По поводу своих походов в церковь Сезанн испытывал некоторое смущение. Он продолжал отрицательно относиться к священникам, называл религию «моральной гигиеной». Свой подход он называл: «Мой кусок средневековья». Племянница Сезанна сообщает, что он часто повторял эти слова, выходя после службы. Всему своему отношению к церкви Сезанн придавал несколько шутовской характер, говоря: «Поскольку у меня слабый характер, я полагаюсь на мою сестру Мари, которая полагается на своего исповедника, который полагается на Рим». Племянница сообщает, что Луи-Огюст часто говорил: «Поль позволит проглотить себя живописи, а Мари — иезуитам». По этому поводу племянница замечает: «Это не совсем так. Мари, будучи весьма хитрой и жесткой, временами давала милостыню, чтобы совершать какие-то добрые дела, но как вести хозяйство, она знала очень хорошо. А вот что касается Поля…» Незадолго до своей смерти, отзываясь о «кретинском священнике», он едко утверждал: «Я думаю, что быть католиком — это значит быть свободным от всяческой законности, но уметь зорко блюсти свои собственные интересы».

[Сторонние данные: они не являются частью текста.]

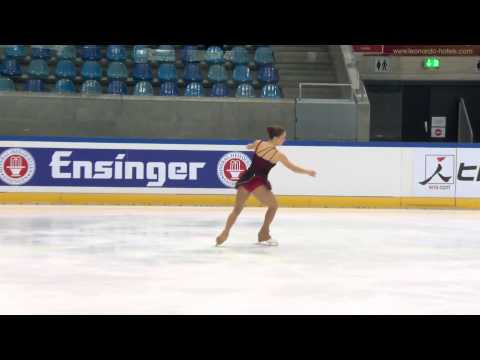 ISU 2014 Jr Grand Prix Dresden Ladies Short Program Giada RUSSO ITA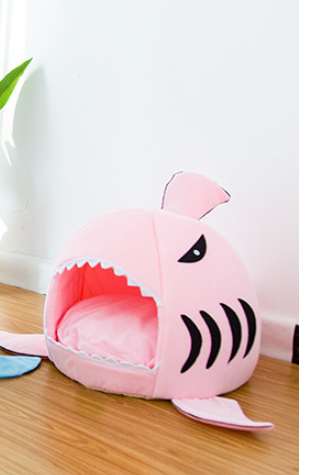 Creative Dual-Purpose Shark Bed for Small Dogs and Cats - PetFindsUSA - PetFindsUSA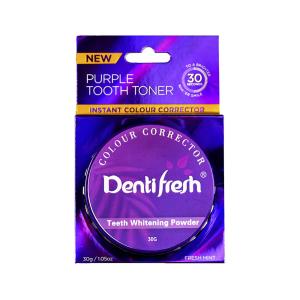 China New DentiFresh Purple Tooth Toner - Instant Colour Corrector Teeth Whitening Powder, 30G factory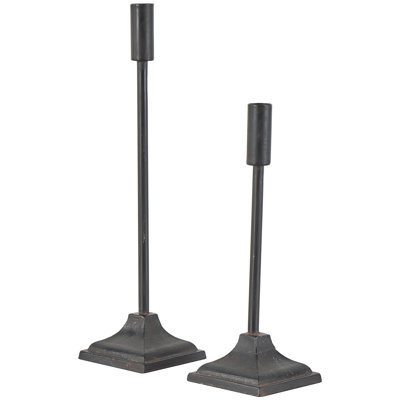 Laqueita 15.4'' H Iron Tabletop Candlestick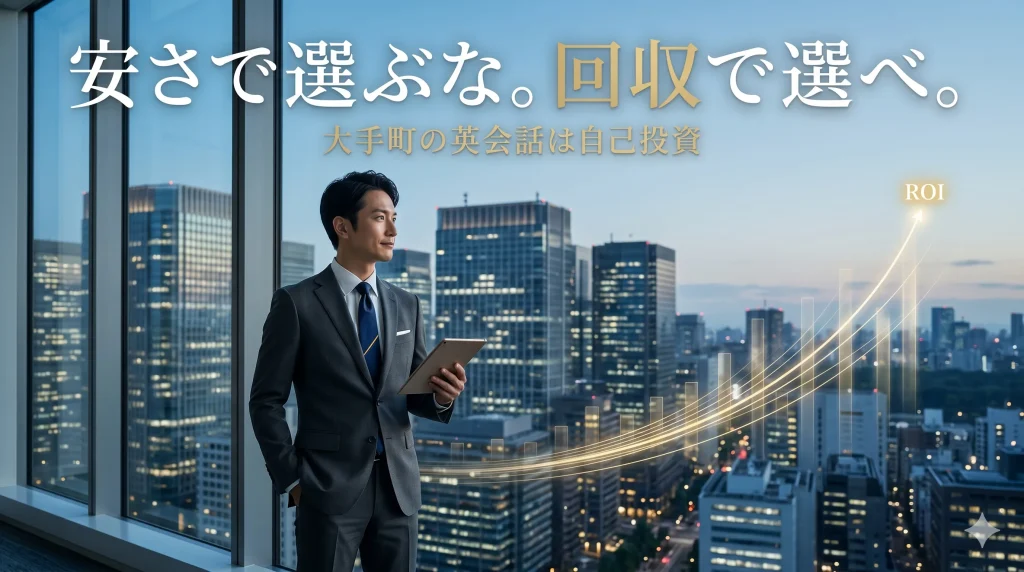 結論:大手町の英会話は「安さ」ではなく「回収」で選べ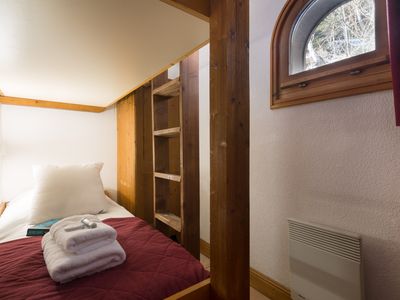 Das zweite Schlafzimmer mit einem Etagenbett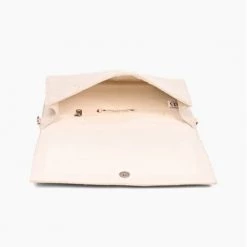 America & Beyond The Beaded Glam Clutch In Gold Black Cream Handbags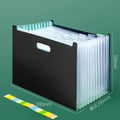 A4 Accordion File Folder – 13-Pocket Large Capacity Organizer Accordion File Folder Axl B-black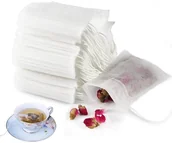 Folia, papier śniadaniowy, serwetki - Woreczki do zaparzania herbaty kawy ziół przypraw 5,5x7cm 100szt. - miniaturka - grafika 1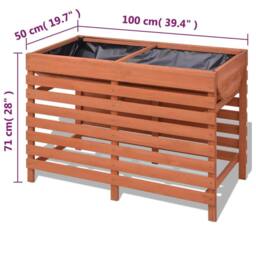 Berkfield Home Planter 100x50x71 cm Wood in Brown - Size: 100 x 50 x 71 cm - thumbnail 5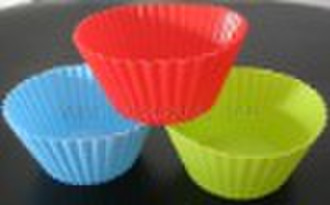 Round Shape Mini Silicone Cupcake Baking Pans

Не сохранилось ни одного его собственного высказывания, из которого бы следовало, что Сезанн относится с почтительностью к Богу, Христу или деве Марии. То, что он искал, было просто некой внешней опорой, которая могла бы помочь ему в вечной борьбе со страхом смерти (или бессилия) и позволила бы ему управлять такими разрушительными эмоциями, как неуверенность в себе, чувство греховности и ущербности. Обращение к церкви, а также чувство опоры, которое он обрел в подчинении сестре Мари, помогли ему выстоять в той ужасной изоляции, что обрушилась на него с 1886 года. Но пытаться найти в этом какой-то элемент метафизической компенсации, которая отразилась в его живописи после 1886 года, было бы неверным. Это была просто церковь его матери, а не сама идея Бога, к которой он обратился. Материнская церковь, в объятия которой он мог теперь спокойно войти, ибо свободомысливший и насмешничавший отец был уже в могиле.
Частью попыток Сезанна упростить жизнь и держать ее всю под контролем было решение прижать Ортанс (возможно, по совету Мари) урезанием доли ее содержания, которую она, наоборот, всегда стремилась увеличить. В результате она была вынуждена покинуть свой любимый Париж и перебраться в Экс на глаза Сезаннов. Поль отзывался о ней с презрением. «Моей жене не нравится ничего, кроме Швейцарии и лимонада». Если она когда-либо пыталась принять участие в его спорах с друзьями, он обычно прерывал ее: «Ортанс, сиди спокойно, дружок, ты говоришь только глупости (betises)». Письмо Алексиса, приведенное частично выше, так описывает приезд Ортанс в Экс:
«Вчера, в четверг, в семь часов вечера, Поль покинул нас и пошел на вокзал встречать семью, из Парижа прибудет также мебель на 400 франков. Поль собирается поместить всех в снятом им помещении на улице Монне и туда будет посылать деньги им на жизнь… А сам он не собирается расставаться с матерью и сестрой, он живет с ними в предместье Экса и чувствует себя там хорошо, лучше, чем с женой. Если, как он надеется, Буль и малыш удержатся здесь, то он сможет время от времени ездить в Париж и жить там месяцев по шесть. «Да здравствует солнце и свобода!» — восклицает он… Между прочим, Поль совершенно не стеснен в средствах. Благодаря своему отцу, которого он теперь почитает… ему есть, на что жить».